Expectation maximising is an algorithm which can be used on problems such as clustering problem. It is used in situations where you assume your data follows some underlying distribution $\mathbb{D}$ which in this instance is given by parameters $\theta$. We assume $\theta \in H$ our hypothesis space.

Suppose we draw $m$ samples from $\mathbb{D}_{\theta}$ which has an observed component $X = \{x_1, \ldots, x_m\}$ and an unobserved component $Z = \{z_1, \ldots, z_m\}$. Therefore the samples of $\mathbb{D}_{\theta}$ are given by $Y = X \cup Z$.

Once you are provided with $X$ you can treat the values of $Z$ as random variables - similar with $Y$. Both $Z$ and $Y$ depend on the unknow parameters $\theta$.

During the EM algorithm we will update our current hypothesis $h \in H$ for the parameters $\theta$, to a new hypothesis $h' \in H$. We want to update $h \in H$ by trying to maximise

$$Q(h' \vert h) = \mathbb{E}[ \ln( \ \mathbb{P}_{\mathbb{D}} \ [Y \ \vert \ h']) \ \vert \ X, h \ ] $$

Lets unpack this - we use our current hypotheses $h$ to guess at the values of $Z$. This gives us $X$ and $Z$ therefore $Y$. Now we want to find the hypothesis $h'$ (or parameters for $\mathbb{D}$) that maximises the log probability that $Y$ would occur. This follows a nice natural two step process.

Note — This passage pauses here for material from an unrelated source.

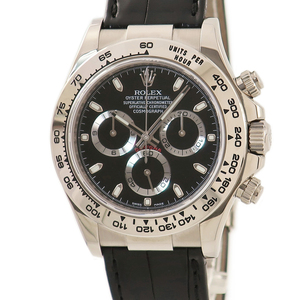 【3年保証】 ロレックス コスモグラフ デイトナ 116519 ランダム番 K18WG無垢 黒 自動巻き メンズ 腕時計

Given our current hypothesis $h$ calculate the values for $Z$ the unobserved parameters, this gives us the function $Q(h' \vert h): H \rightarrow \mathbb{R}$, and then
Using the values of $X$ and $Z$ for $Y$ - find a hypothesis $$ h' = \mbox{arg}\max_{h' \in H} Q(h' \vert h) = \mbox{arg}\max_{h' \in H} \mathbb{E}[ \ln( \mathbb{P}_{\mathbb{D}} \ [Y \ \vert \ h']) \ \vert \ X, h \ ]. $$

If the function $Q(h' \vert h)$ is continuous for all $h', h \in H$ then we will converge to a local maximum however we don’t know how long this will take us or if this local maximum is a global maximum.

Correctness

We are monotonically decreasing Maximum likelihood error of the groupings.
Though this is not guaranteed to converge.
Though it will not diverge either!
It can get stuck in local optimums.
- So it is best that we restart this algorithm and take the best outcome.